Advent Wisdom from Richard Rohr: Third Sunday of Advent


This year during Advent we are inviting the All Saints community into shared reflection focused on meditations by our Lent Event speaker: noted author, teacher, mystic, contemplative and activist Richard Rohr.

A Franciscan priest, Richard Rohr is founder of the Center for Action and Contemplation, a prolific author and a powerful force for God’s love, justice and compassion.

The spirit of God is upon me….
God has sent me to bring good news to the oppressed,
to heal broken hearts, to proclaim liberty to the captives,
and liberation to those in prison

RELATED IN THE SPIRIT

The Spirit always connects, reconciles, forgives, heals and makes two into one. It moves beyond human-made boundaries to utterly realign and renew that which is separated and alienated. The “diabolical” (from two Greek words, dia balien, that mean “to throw apart”), by contrast, always divides and separates that which could be united and at peace. Just as the Spirit always makes one out of two, so the evil one invariably makes two out of one! The evil one tears the fabric of life apart, while the Spirit comes to mend, soften and heal.

In today’s reading from Isaiah, the prophet describes the coming Servant of Yahweh. It is precisely this quote that Jesus first uses to announce the exact nature of his own ministry (Luke 4:18-19). In each case Jesus describes his work as moving outside of polite and proper limits and boundaries to reunite things that have been marginalized or excluded by society: the poor, the imprisoned, the blind, the downtrodden. His ministry is not to gather the so-called good into a private country club but to reach out to those on the edge and on the bottom, those who are “last” to tell them they are, in fact, first! That is almost the very job description of the Holy Spirit, and therefore of Jesus.
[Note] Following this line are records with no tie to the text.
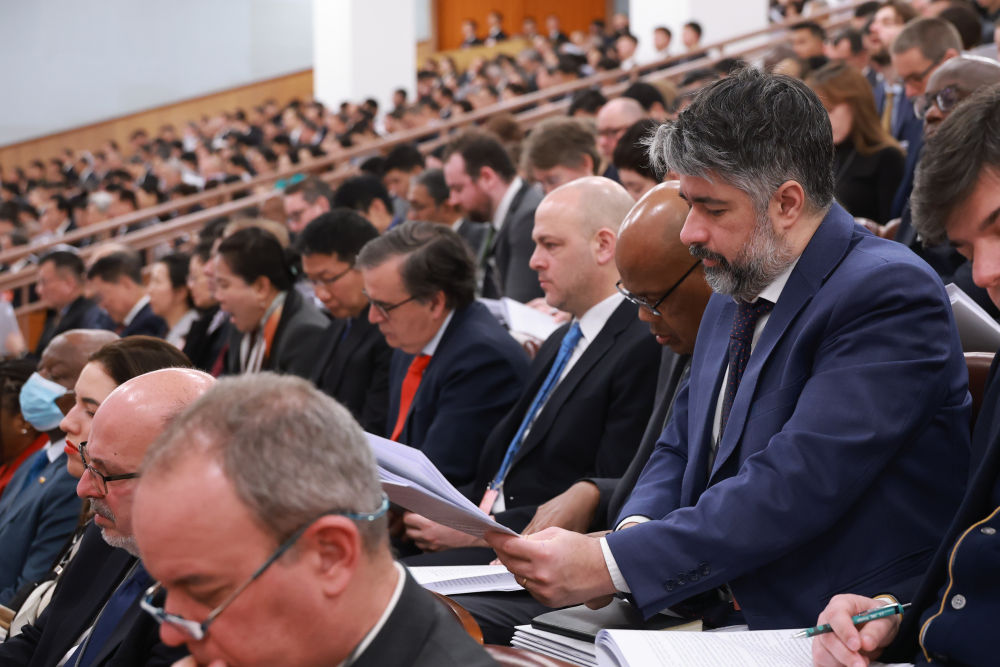 两会世界观察｜中国的民主贯穿国家治理全过程——国际人士热议中国全国两会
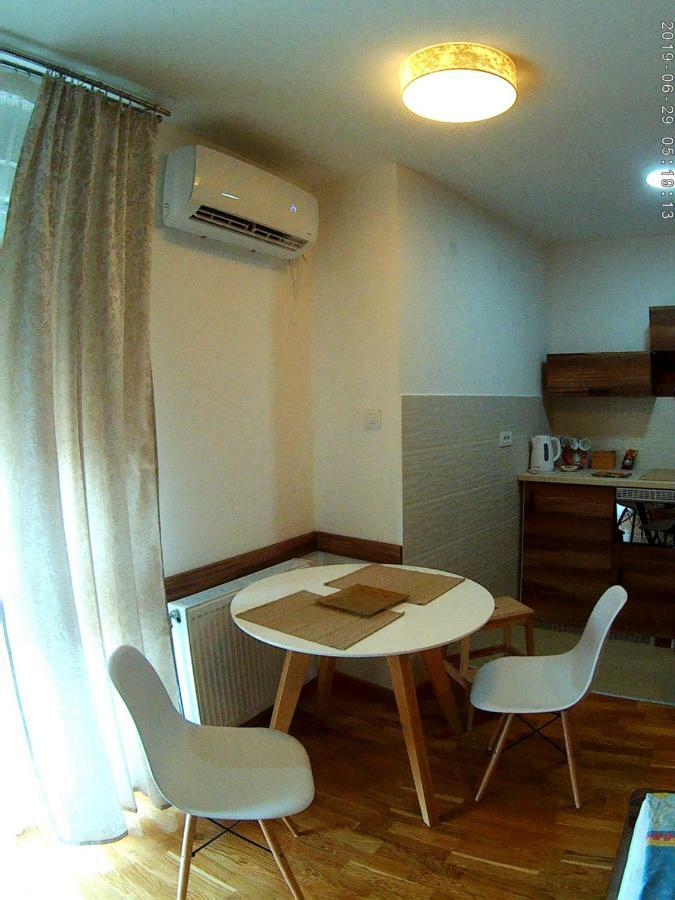 Uki-Modern Apartment With Parking โนวีซาด ภายนอก รูปภาพ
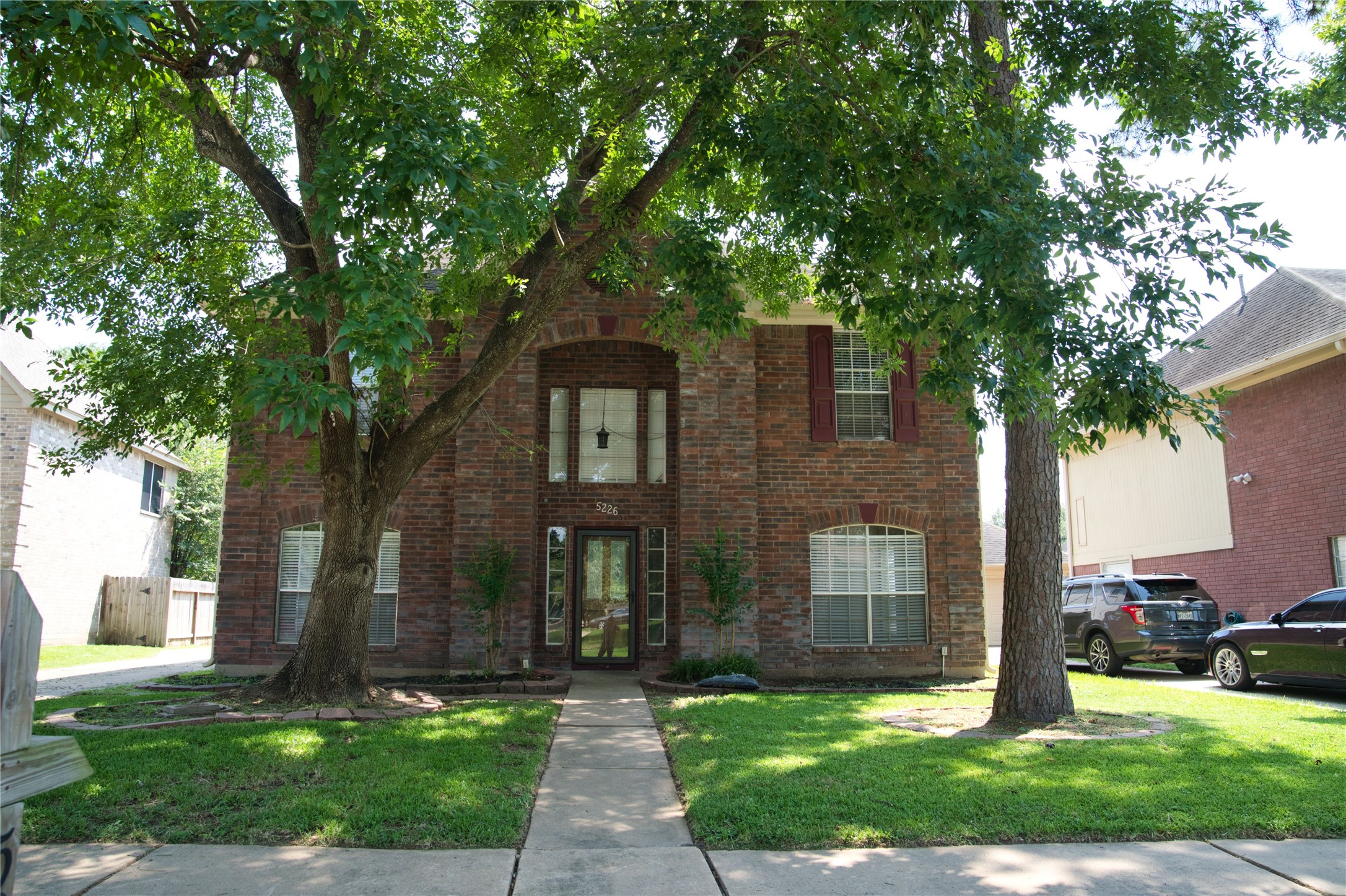 5226 Prairie Creek Drive Property Photo 1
The more that we can put together, the more that we can “forgive” and allow, the more we can include and enjoy, the more we tend to be living in the Spirit. The more we need to reject, oppose, den, exclude and eliminate, the more open we are to negative and destructive voices and to our own worst instincts. As always, Jesus is our model of healing, outreach and reconciliation, the ultimate person of the Spirit.

REFLECT
What divisions exist in your life? How can you let the Spirit mend those divisions?